The Nation: Sam Told Me To Do It... Sam Is the Devil
After the capture, the twisted killer's life unfolds
"Kill! Kill!" chanted the vengeful crowd outside Brooklyn's Central Court Building, even though the object of their hatred was nowhere in sight.
"That's the father! That's the father!" shouted others as scores of people mistakenly closed in on Leon Stern, a frightened defense attorney who fled into the courthouse.
"I want five minutes alone with the guy. I'd wipe the floor with the guy!" said Jerome Moskowitz, father of Stacy, one of Son of Sam's 13 shooting victims. Added Neysa Moskowitz, mother of the slain girl: "I must see the face of this animal, this beast, this worthless human who took my baby's life. I don't know a death too horrible for this man."
The fury was directed at David Berkowitz, 24, a U.S. mail sorter, who was captured by police and identified as the lone gunman who had terrified much of New York in a yearlong series of eight nighttime attacks in quiet residential neighborhoods.
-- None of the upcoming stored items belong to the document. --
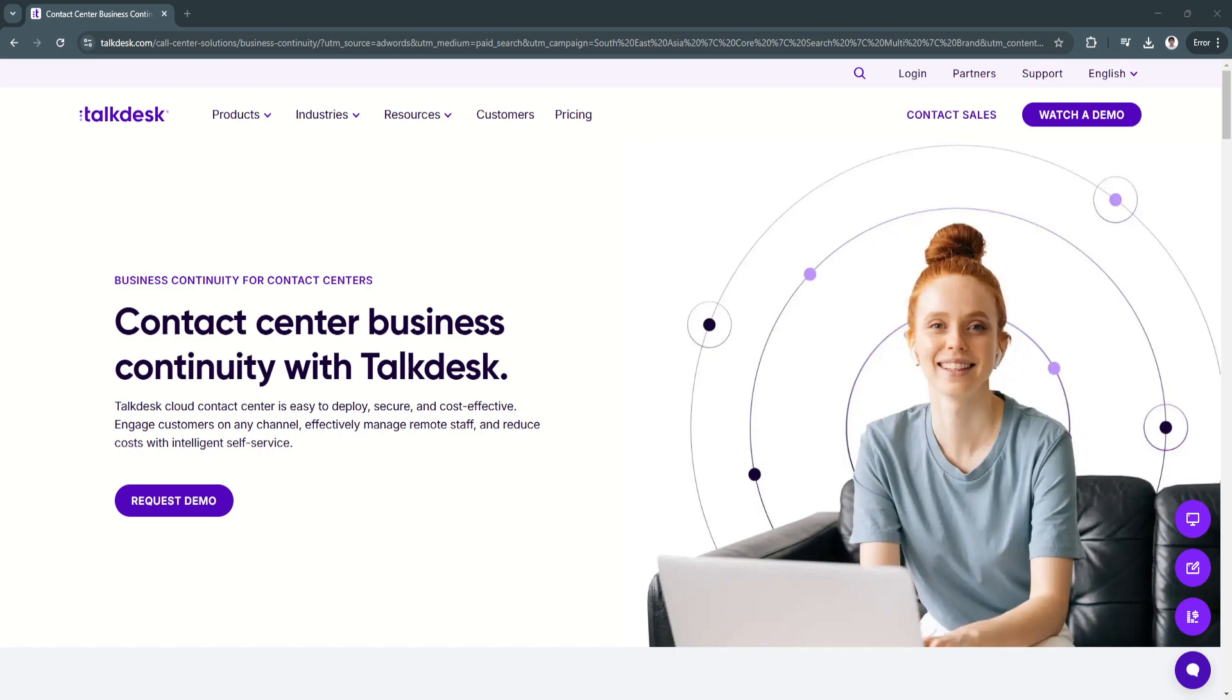Basically, Talkdesk is a powerful and scalable cloud-based contact center solution designed to enhance customer service operations through AI automation, omni-channel communication, and seamless integrations.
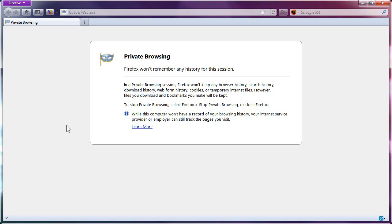Hey everybody, Rich here with a follow-up video to my last one about Yahoo Mail Classic. It dawned upon me I did not need to use Windows 2000 or IE6 in order to get my Yahoo Mail Classic back.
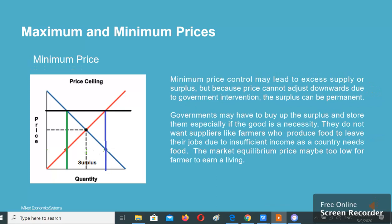Minimum price control may lead to excess supply or surplus, but because price cannot adjust downwards due to government intervention, the surplus can be permanent. Governments may have to buy up the surplus and store them, especially if the good is a necessity. They do not want suppliers like farmers who produce food to leave their jobs due to insufficient income, as a country needs food.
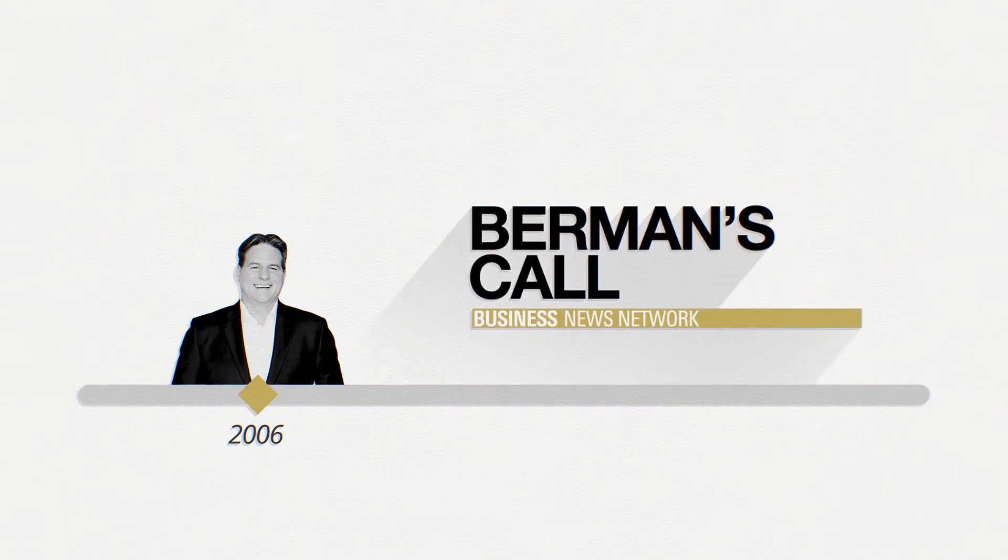Founded in 2006 by Larry Berman, host of Berman's Call on BNN Bloomberg, our business is crafting and managing custom investment solutions.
But as the city's most massive manhunt ended, the killer of six young people (seven others survived their wounds) did not fulfill public expectations of the type of man who would automatically arouse suspicion, fear and hate.
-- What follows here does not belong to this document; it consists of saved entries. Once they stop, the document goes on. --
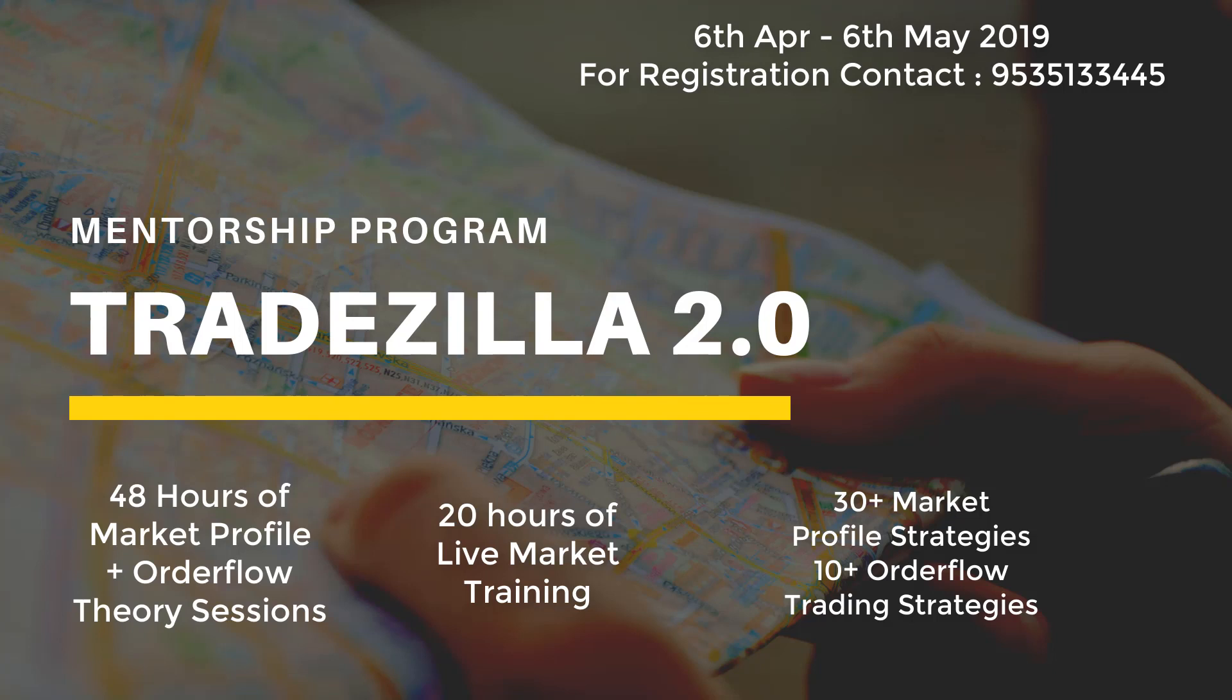Exclusive video access will be provided to all the webinar participants and lifetime access will be provided to the Market Calls private trading community where we talk about market profile and order flow activities day in day out. Thanks for watching. See you in the next webinar series. Thank you once again.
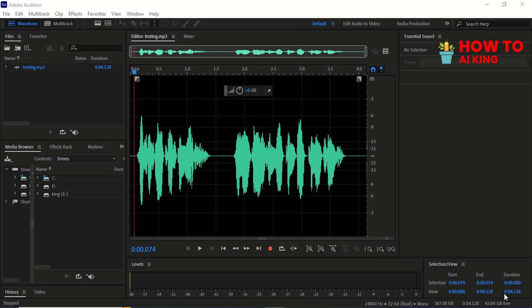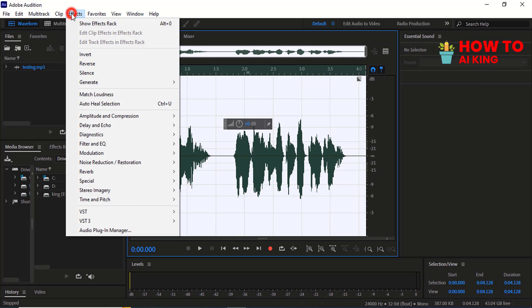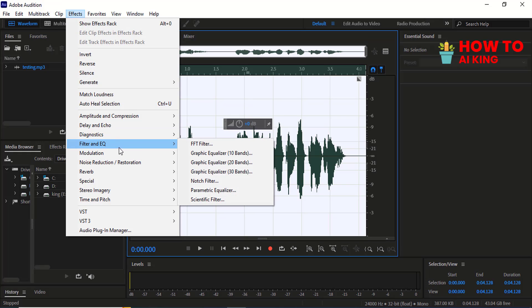In this Adobe Audition tutorial, I'm going to show you how to easily add bass to your voice and make it sound more professional. Let's get started. Add your voice sound and select Control A. Go to the Effects menu, select Filter and EQ, then click on Parametric Equalizer.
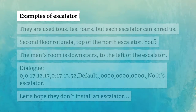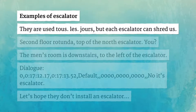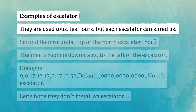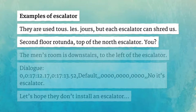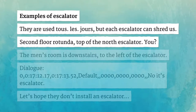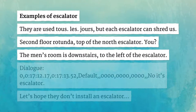Examples of escalator. They are used to save space, but each escalator can serve us. 2nd floor rotunda, top of the North Escalator. The men's room is downstairs, to the left of the escalator.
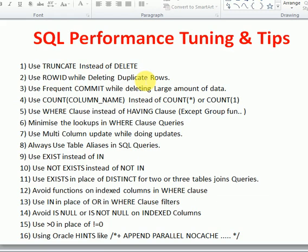When deleting duplicate rows from your table, use ROWID in your query. ROWID is a unique identifier — it is the direct location of a particular data record at the database level. Because it directly identifies the physical location of a record, it is very fast and is a unique way to identify and delete duplicate records quickly.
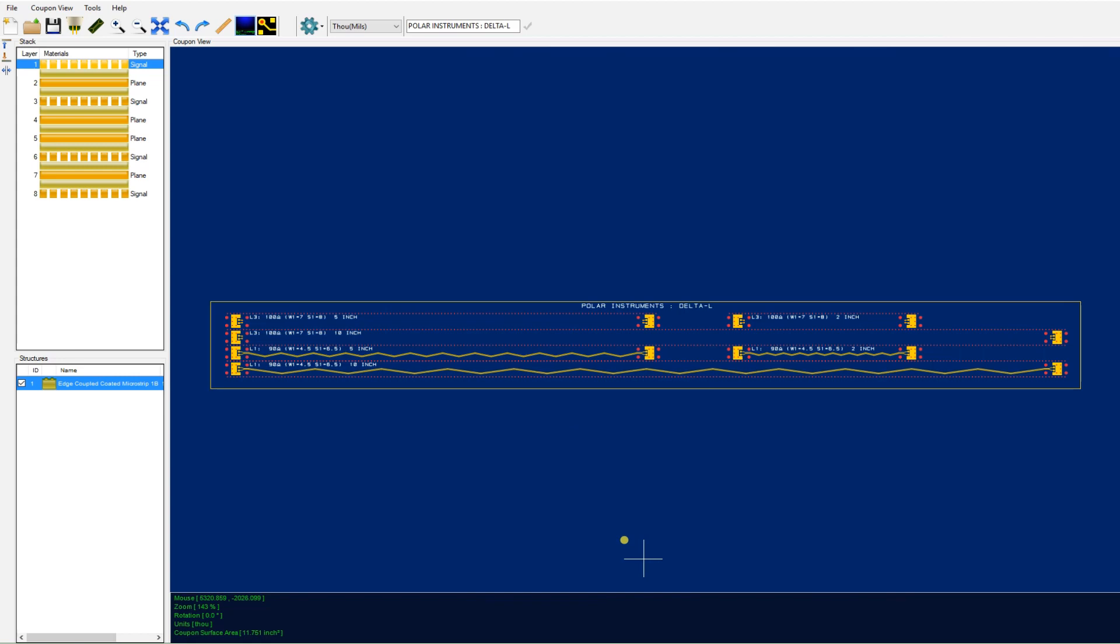So there you have it in a nutshell, very quickly how you use CGEN for producing a Delta L 3L coupon.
To be sure, the thin half-smile he wore as flashbulbs assailed him was infuriating. But the paunch, the round and smooth face, the short, curly hair and calm manner all seemed far from menacing. Rather than sinister, Berkowitz looked innocuous, an unexceptional figure unlikely to attract attention anywhere. As the facts of his life began to emerge, the much-sought gunman turned out to be the loner the psychologists had predicted. He had apparently abandoned the few friends acquired in his earlier years, lived alone in a sparsely furnished apartment in suburban Yonkers, got along comfortably with fellow postal workers but rarely initiated a conversation, and kept his personal feelings to himself.
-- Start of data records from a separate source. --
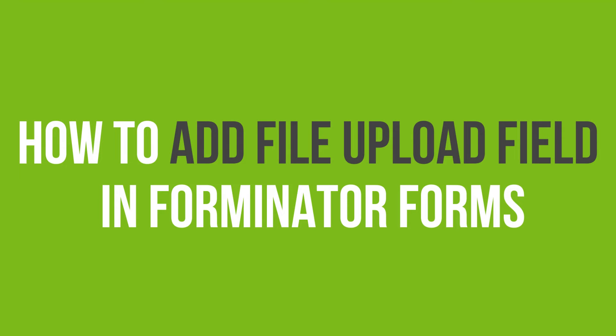In this video tutorial, you'll learn how to add the file upload field in Forminator Forms in WordPress.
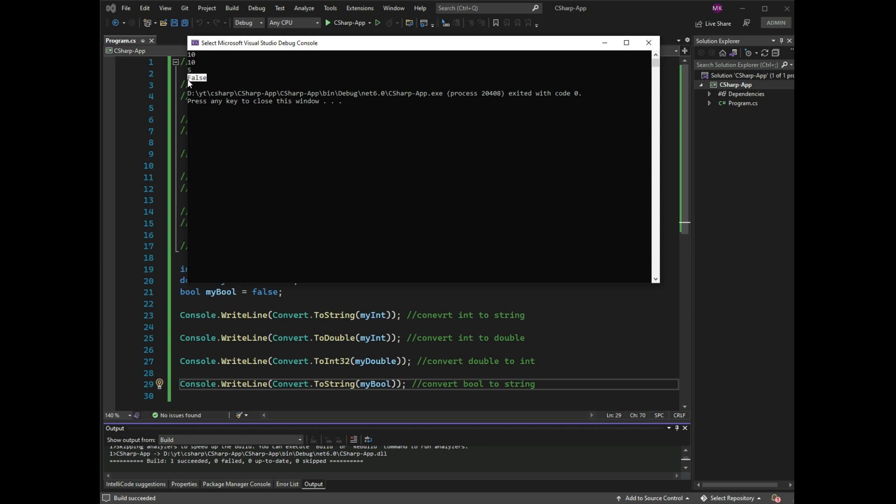Many times there is no need for type conversion, but sometimes you have to. Take a look at the next video when working with user input to see an example of this.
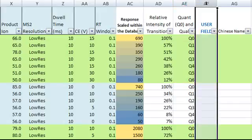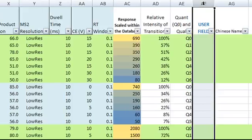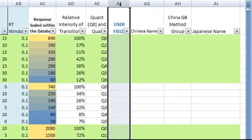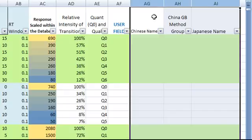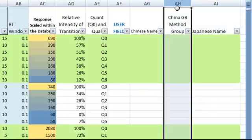The next column is another user field. We will demonstrate how you can take advantage of this user field column in the MRM acquisition method video. The last three columns are Chinese name, Japanese name, and the group number for the Chinese national pesticide method.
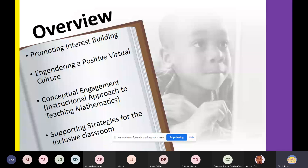As an overview, we want to look closely at promoting interest building in our students so they can be interested in the lessons we deliver. We want to engender a positive virtual culture, explore conceptual engagement, focus on the instructional approach to teaching mathematics, and explore supporting strategies for the inclusive classroom. From time to time, you can comment in the chat and Mr. Blair will bring anything to my attention.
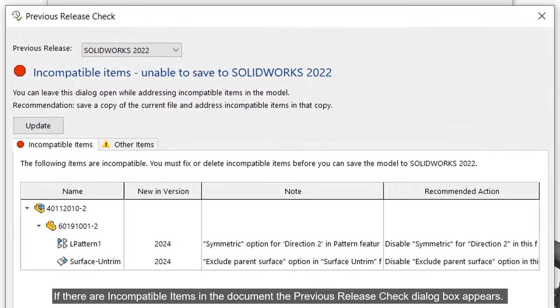If there are incompatible items in the document, the previous release check dialog box appears.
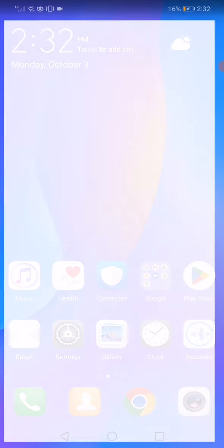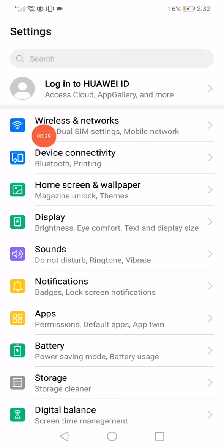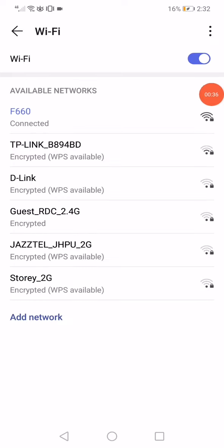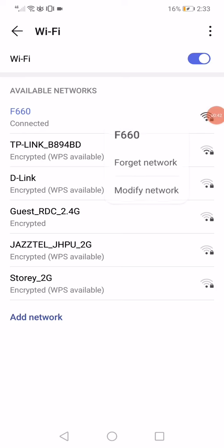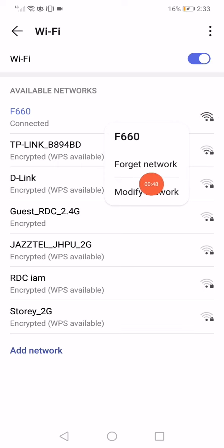Click on Wireless and Networks on your phone, then go to the Wi-Fi section. Long press on your Wi-Fi network and click 'Forget network', then connect it again.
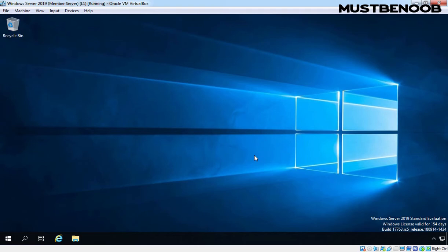Hi, this is Riyan from Must Be Noob. In this lab guide, we will be installing WSUS Server Role on Windows Server 2019.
Even as police finally grilled the man who had caused them so many hours of frustration and drudgery, he was neither sullen nor hostile. He talked readily of his crimes, showing amazing recall of each attack, correcting police on details that only he could know, never refusing to answer their impatient questions.
But then that twisted side of the mild-mannered killer's mentality exposed itself. Why, why had he murdered? "It was a command," he said in a soft, nonaggressive voice. "I had a sign and I followed it. Sam told me what to do and I did it." Again: "Sam told me to do it. Sam sent me on an assignment. I had to do what I had to do. I had my orders. Sam sent me." Who is Sam? Berkowitz said Sam is at the moment a neighbor of his named Sam Carr, but "really is a man who lived 6,000 years ago. I got the messages through his dog. He told me to kill. Sam is the Devil."
Clearly Berkowitz is crazy or, much less likely, feigning insanity. At his arraignment in the Brooklyn court, the judge ordered psychiatric examinations to determine whether he is sane enough to be prosecuted. Chances are he will spend the rest of his life in a mental institution.